Tired of dry, tough boneless chicken breasts? These Restaurant Style Sautéed Chicken Breasts are juicy, tender, full of flavor – and EASY!
Have you ever had something that you just couldn’t quite master? No matter how hard you tried? I’ve felt like that for a long time when it came to pan-sautéed chicken breast. I wanted juicy, tender meat, but I also wanted the results to have beautiful visual appeal. I tried lots of “perfect pan-sautéd chicken breast recipes” but found each one to be lacking. I’m happy to announce that I’ve finally arrived! These Restaurant Style Sautéed Chicken Breasts are everything I was looking for – and more!
When I look at the variety of chicken available at my local grocery stores, it’s obvious that boneless, skinless chicken breasts are extremely popular. There’s always a disproportionally plentiful supply of this cut, in comparison to any other. And I totally get it – these prepped breasts are healthy, lean and very convenient. And yet it seems there are also more complaints of dry, tough “rubbery” meat with this chicken cut than the others.
I’ve learned a few tricks over the years to make delicious grilled chicken breasts as well as a wonderful technique for Juicy, Tender Baked Boneless Chicken Breasts, but achieving delicious results on the stovetop just seemed to elude me.
Restaurant Style Sautéed Chicken Breasts are possible
I knew it was possible, as I’ve had amazing (and attractive) sautéed chicken breasts at restaurants. So I was determined this time, to figure out my dilemma. As usual, I started out my quest with Mr. Google.
Wow, 12,600,000 results! As I sorted through the “best of the best” it was (once again) obvious that there were lots of “tried and true” techniques: “pound the meat”, “slice the meat”, “brine the meat”, “cover the pan”, “don’t cover the pan”, “use butter”, “use oil”, “use butter and oil”, “season and refrigerate for 30 minutes”, “pat the chicken dry”, “rub the chicken with oil”… And on and on it goes.
I’ve gone through a serious amount of chicken breasts, over the last month or so, and have tried lots of the above techniques with varying degrees of success. In the end, I’ve come up with my own technique for what I call, Restaurant Style Sautéed Chicken Breasts. Instead of writing about my research, I’ve included all the secrets below in my Café Tips. I think you’ll love these Restaurant Style Sautéed Chicken Breasts as much as we do!
One last thing; I had fun creating a delicious rub for this chicken. It adds tons of flavor and a beautiful presentation. Don’t be skimpy with it. You’ll have more than you actually need for this recipe, but it’s a great all-purpose seasoning for veggies, pork, shrimp, salmon… so don’t discard it.

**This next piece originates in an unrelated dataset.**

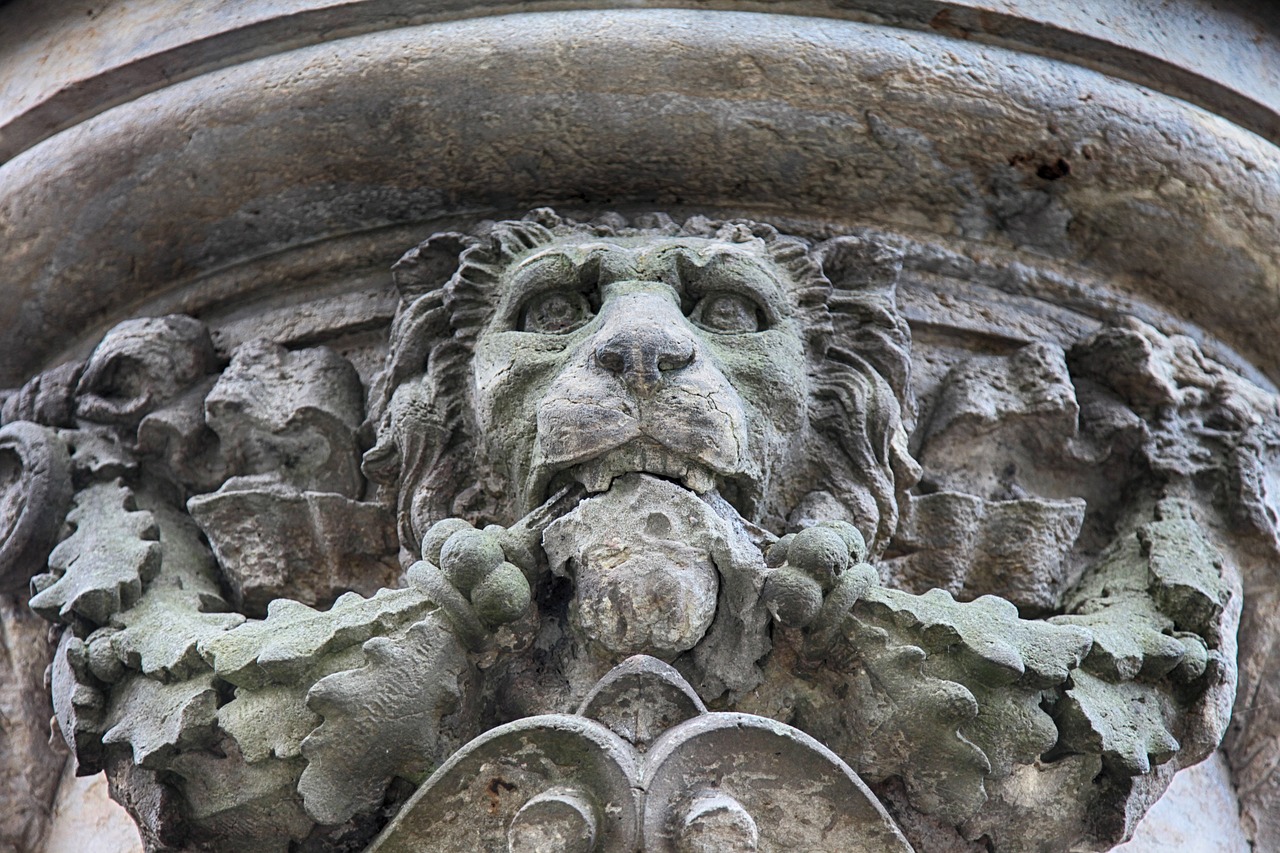 lion sculpture stone figure free photo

Café Tips for juicy, tender, Restaurant Style Sautéed Chicken Breasts
- Look for smaller chicken breasts. These days, it seems that the chicken producers think that bigger is better. I think smaller breasts have better flavor and stay more tender. Often grocery stores will have packages with the same number of breasts in each one. Look for the least expensive/lowest weight package which will give you smaller individual pieces.
- Use a rub and allow it to sit on the chicken for 15 minutes before cooking. This acts as a dry brine to add flavor and also tenderize the chicken.
- The rub should include a bit of sugar as well as paprika. The sugar will help the chicken sear nicely without a super high heat which can cause a tough outer coating. Paprika gives pretty color and if you use a mild paprika, it doesn’t add much additional flavor. I’ve included our favorite rub in the recipe below. (I purchased this mild paprika several years ago when Scott and I were in France. I loved it and was sad when it was gone. Now I’ve found it on Amazon and it’s so reasonable, yay!)
- Be sure to really coat the chicken breasts with the delicious rub. The proportion of salt in the rub allows you to be generous without making the finished product too salty.
- A lot of recipes call for pounding the chicken breasts to an even thickness. I’ve found this to be unnecessary most of the time. I haven’t had a problem with the thinner portions of the breasts drying out. The only time I might pound would be if the pieces were exceptionally thick in the center. Even then I would just pound a bit as the presentation is much prettier and more natural if they are not pounded flat.
- Don’t crank the heat up too high. I like to start with a medium heat then check the underside after a few minutes. If it’s browning too fast, I reduce the heat a bit. A HUGE bonus to using medium heat in lieu of a high temperature (as most recipes call for) is that there’s very little spatter on to the stovetop. Although I love pan-seared entrées, I HATE making a big spatter mess on my stovetop!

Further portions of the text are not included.